TOKYO: Two popular pandas are set to leave Tokyo for China Tuesday, leaving Japan without any of the beloved bears for the first time in 50 years as ties between the Asian neighbors fray.
Panda twins Lei Lei and Xiao Xiao are due to be transported by truck out of Ueno Zoological Gardens, their birthplace, disappointing many Japanese fans who have grown attached to the furry four-year-olds.
“Although I can’t see them, I came to share the same air with them and to say, ‘Hope you’ll be OK,’” one woman visiting the zoo told public broadcaster NHK.
The pandas’ abrupt return was announced last month during a diplomatic spat that began when Japanese Prime Minister Sanae Takaichi hinted that Tokyo could intervene militarily in the event of an attack on Taiwan.
Her comment provoked the ire of Beijing, which regards the island as its own territory.
The distinctive black-and-white animals, loaned out as part of China’s “panda diplomacy,” have symbolized friendship between Beijing and Tokyo since they normalized diplomatic ties in 1972.
Their repatriation comes a month before their loan period expires in February, according to the Tokyo Metropolitan Government, which operates Ueno Zoo.
Japan has reportedly been seeking the loan of a new pair of pandas.
However, a weekend poll by the liberal Asahi Shimbun newspaper showed that 70 percent of those surveyed do not think the government should negotiate with China on the lease of new pandas, while 26 percent would like them to.
On Sunday, Ueno Zoo invited some 4,400 lucky winners of an online lottery to see the pandas for the last time.
Passionate fans without tickets still turned out at the park, sporting panda-themed shirts, bags and dolls to demonstrate their love of the animals.
China has discouraged its nationals from traveling to Japan, citing deteriorating public security and criminal acts against Chinese nationals in the country.

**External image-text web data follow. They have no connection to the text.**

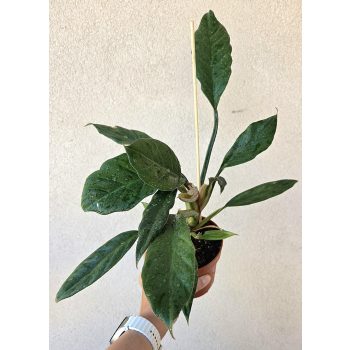 Philodendron Choco Empress 12 cm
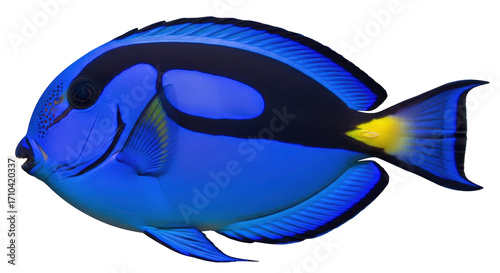 Isolated Regal Tang Swimming, a Blue Tang Fish with Black and Yellow Markings, Close-Up View
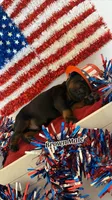 AKC Brown Male, a male Doberman Pinscher for sale in Visalia, CA – 2 of 10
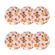 127277_Conjunto_6_Pratos_Sobremesa_185Cm_Unni_Piquenique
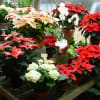 PHONE US AT 1-800-331-5358 for all you special holiday plant needs.. We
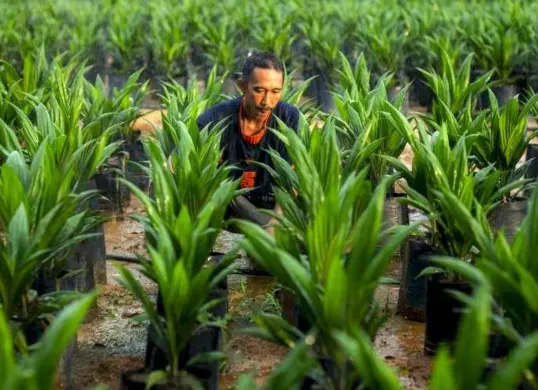 Peraturan Menteri Pertanian Nomor 33 Tahun 2025 tentang Sertifikasi Kelapa Sawit Berkelanjutan (ISPO) untuk memperkuat tata kelola sawit nasional. (Sumber: Istimewa)
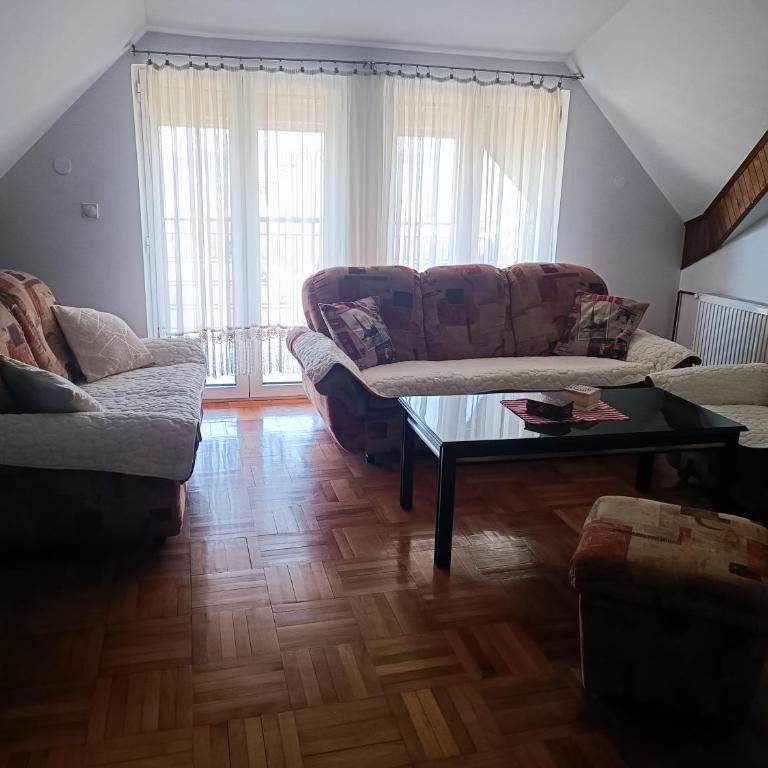 Apartman Paunov Breg - Apartman sa 1 Spavaćom Sobom - 9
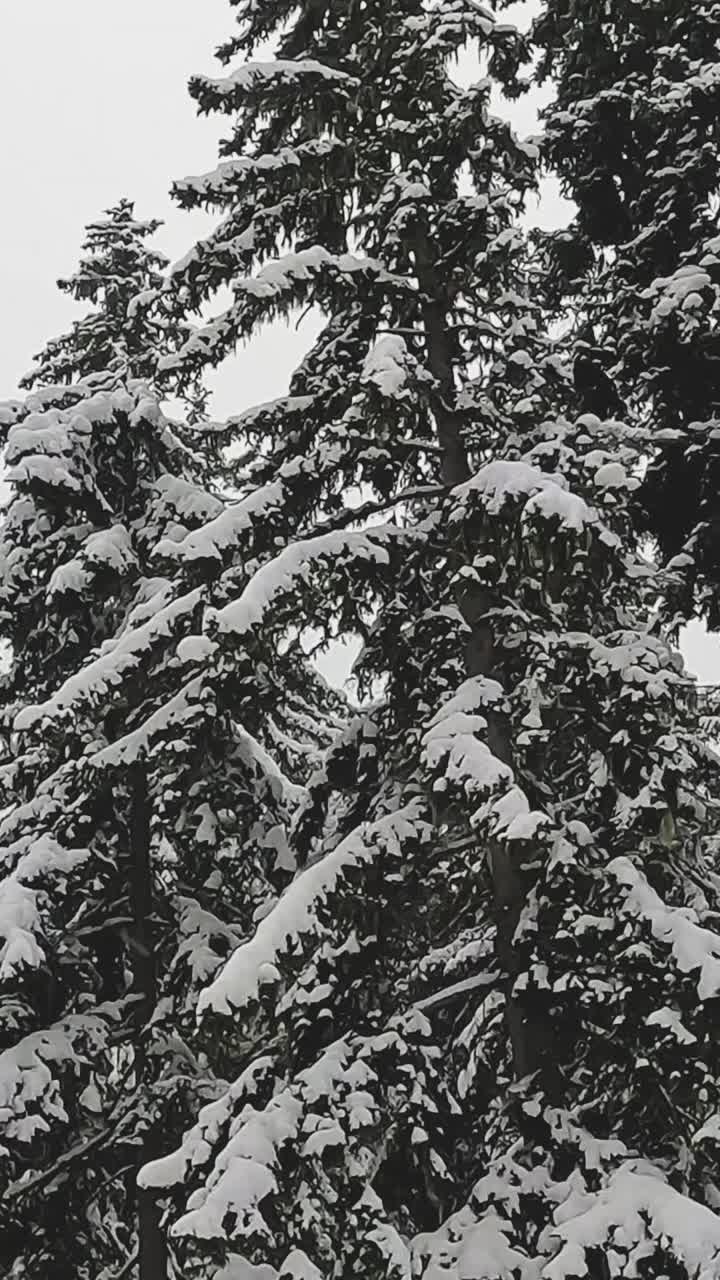 Vertical Video Of Snow Covered Trees On Mountain From Ski Chair Lift 1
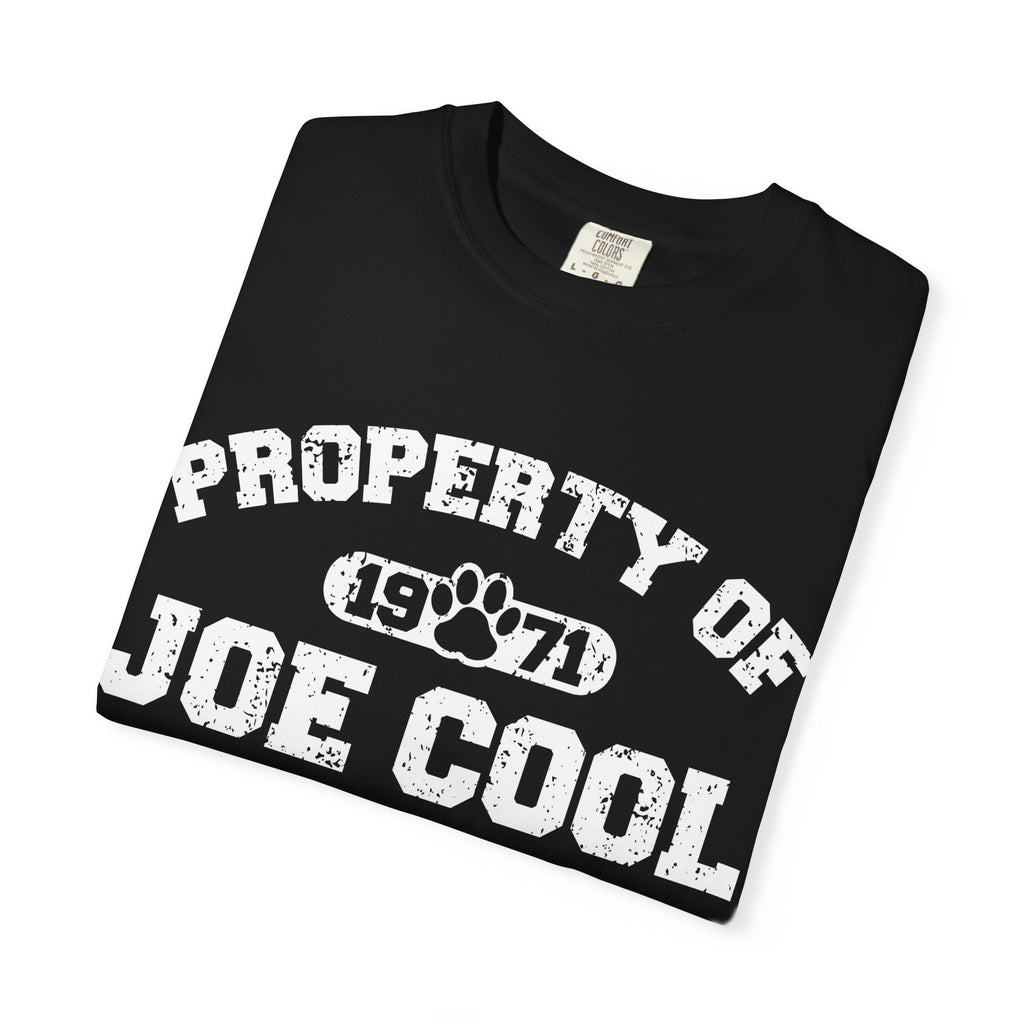 Vintage Classic College T-Shirt, Unisex Tee, Property of Retro Graphic Tee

Beijing is reportedly also choking off exports to Japan of rare-earth products crucial for making everything from electric cars to missiles.
However, China routinely removes pandas from foreign countries and the latest move may not be politically motivated, said Masaki Ienaga, a professor at Tokyo Woman’s Christian University and an expert in East Asian international relations.
“If you talk about (Chinese) politics, the timing of sending pandas is what counts,” and pandas could return to Japan if bilateral ties warm, he said.
Other countries use animals as tools of diplomacy, including Thailand with its elephants and Australia with its koalas, he added.
“But pandas are special,” he said. “They have strong customer-drawing power, and... they can earn money.”